* [YOUR ASSIGNMENT] Write out every line below again exactly as it stands, skipping each image.

* [DATA EXCERPT]
= = = = = = =

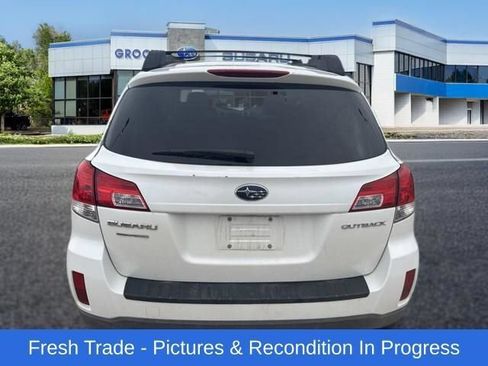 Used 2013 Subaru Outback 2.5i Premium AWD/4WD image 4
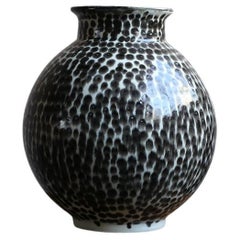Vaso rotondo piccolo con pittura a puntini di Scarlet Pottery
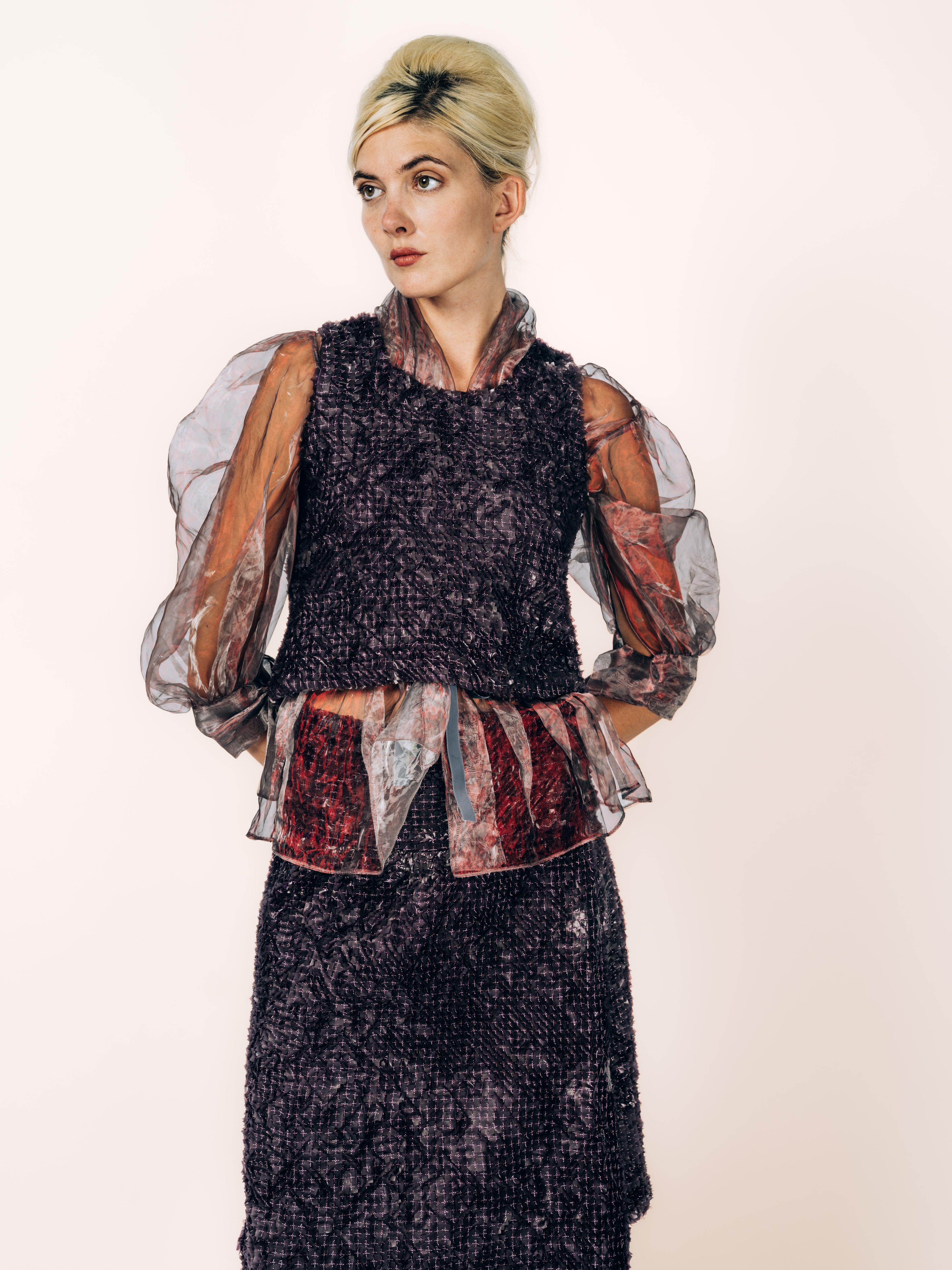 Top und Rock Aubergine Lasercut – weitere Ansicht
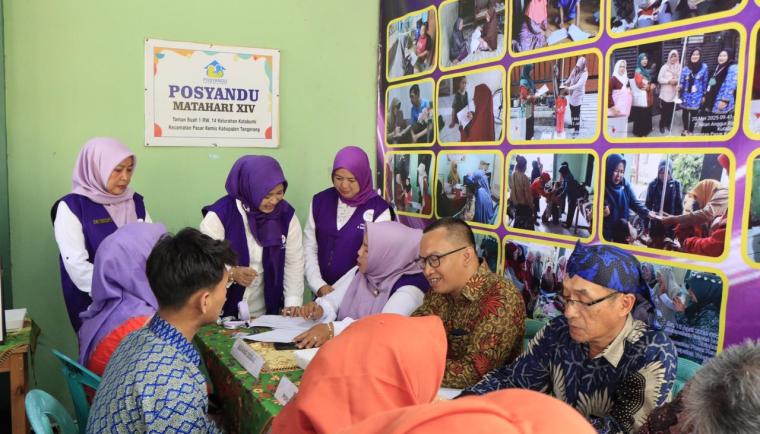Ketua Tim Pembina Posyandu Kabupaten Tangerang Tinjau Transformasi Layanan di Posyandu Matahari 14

= = = = = = =

* [RESULT FOR THIS TASK]
 Used 2013 Subaru Outback 2.5i Premium AWD/4WD image 4
Vaso rotondo piccolo con pittura a puntini di Scarlet Pottery
 Top und Rock Aubergine Lasercut – weitere Ansicht
Ketua Tim Pembina Posyandu Kabupaten Tangerang Tinjau Transformasi Layanan di Posyandu Matahari 14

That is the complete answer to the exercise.